Federal Reserve FRED states: "Total **Nonfarm Payroll** is a measure of the number of
U.S. workers in the economy that *excludes proprietors, private household
employees, unpaid volunteers, farm employees, and the unincorporated self-employed*.
This measure accounts for approximately 80 percent of the workers who
contribute to Gross Domestic Product (GDP)."

It provides useful insights into the current economic situation because it is a good proxy for the number of jobs added or lost in an economy. Increases in employment might indicate that businesses are hiring which might also suggest that businesses are growing. Additionally, those who are newly employed have increased their personal incomes, which means (all else constant) their disposable incomes have also increased, thus fostering further economic expansion.

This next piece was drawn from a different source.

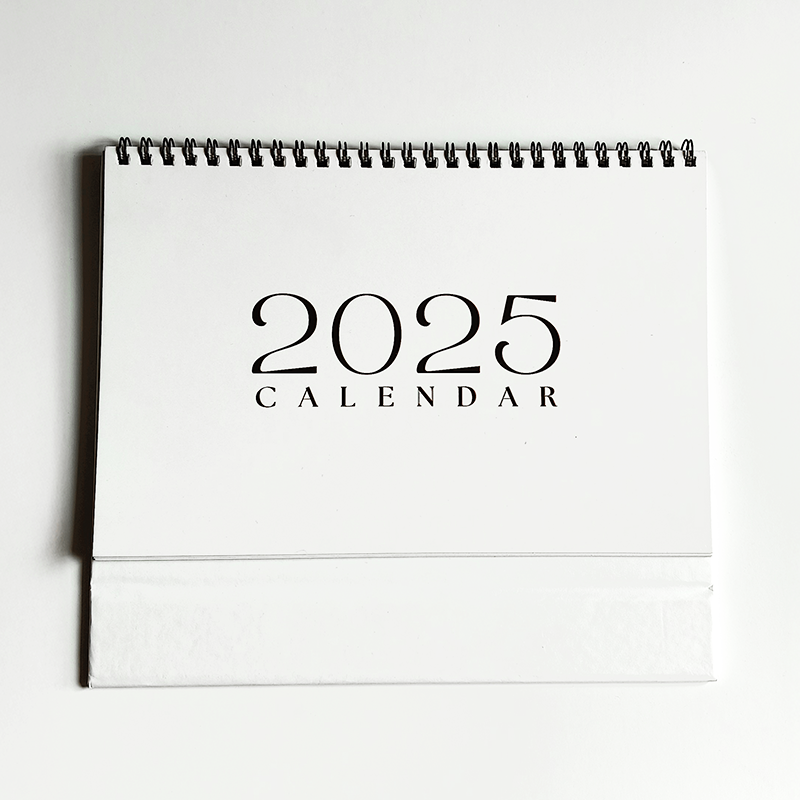 White Minimal Aesthetic 2025 Flip Table Calendar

Generally, the U.S. labor force and levels of unemployment are subject to fluctuations due to seasonal changes in weather, major holidays, and the opening and closing of schools. The Bureau of Labor Statistics (BLS) adjusts the data to offset the seasonal effects to show non-seasonal changes: for example, women's participation in the labor force; or a general decline in the number of employees, a possible indication of a downturn in the economy.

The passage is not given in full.